When I was younger, riding a bike was all about the competition all about the race and all about training in any way to become a more powerful cyclist and ride faster. I never thought about getting old – as well all do when we are 20. But all too quickly life catches up with you – the years come and go and before you know it you’re looking at your 30th then your 40th and then your 50th year looming over the horizon. Apart from the grey hair and reading glasses, I didn’t really notice my age in the way it seemed to be affecting some of my non cycling friends… and it was obvious that the way I cycled and trained to cycle was the reason I didn’t seem to age in the same way a lot of my friends did.
It turns out that the training methodology and principles I had adhered to so strictly in my youth were now paying me back with interest in my middle age: My energy levels, my mobility, my lack of injury, my lack of pain was, at first, just a talking point in the pub. But later, it had my friends questioning me about how they could achieve what I was achieving and my answer was simple: They needed to start to cycle, but do it with an understanding of what is actually happening physiologically when rotating a pedal at different intensities and different speeds.
A lot of my friends did this, joined me on the bike, and the change was remarkable both in physical strength and weight loss but, more importantly, mobility and general functionality.
I was already teaching power zone training in my indoor cycle classes for Keiser all over the world but I knew it was the virtual on demand digital world of cycling that would allow me to take my training to a huge audience.
I saw on one side Zwift – a competitive power-based platform for cyclists. Avatar based and gamefied, this platform certainly appealed to the weekend warriors tucked away in their basements and garages. On the other side, Peloton – with more hair flicks and would-be ‘fitness influencers’ than you can shake a stick at, but instructor-led and music-based, so not all bad. What i wanted though was a hybrid of the two.
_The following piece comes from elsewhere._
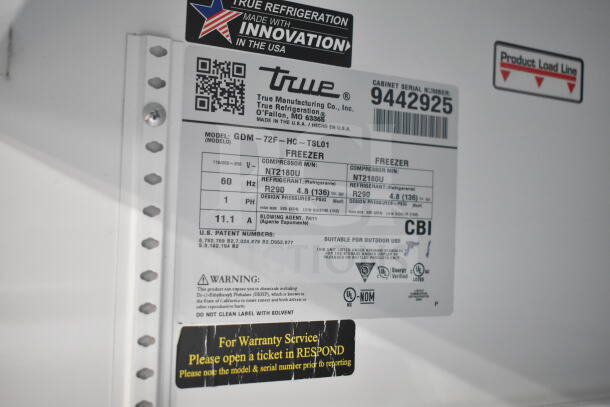 2018 True GDM-72F-HC freezer label showing model, voltage, phase, and refrigerant details.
I am a massive instructor advocate and therefore instructor-led classes were definitely the way to go but the sessions needed to contain the science behind profiles that I knew would give the results the people were looking for when riding their bike at home or in their studios.
By giving my profiles a Ciclozone Output Level%, based on intensity and the cadence required to deliver that intensity, I could give a rider a goal to aim for in the session and metric analytics to gauge their progress….. and because every session had a different COL%, we could now recommend a higher COL class for your next ride if you were successful in your last, or a slightly lower intensity session if you struggled to hit your last COL level. Simple, effective and most of all fun. Couple this with LIVE classes and a connected community riding, I knew that CicloZone could be the one platform to really educate anyone to get more from their bike sessions.
For me, this is exactly how i approached my own training throughout my career, and it served me very well. I see no reason why it shouldn’t represent the next level in virtual cycle training. This is my vision, this is my vocation… this really is my life… and I look forward to riding with every single one of you very soon.
Let’s just get in the Zone….. and stay there.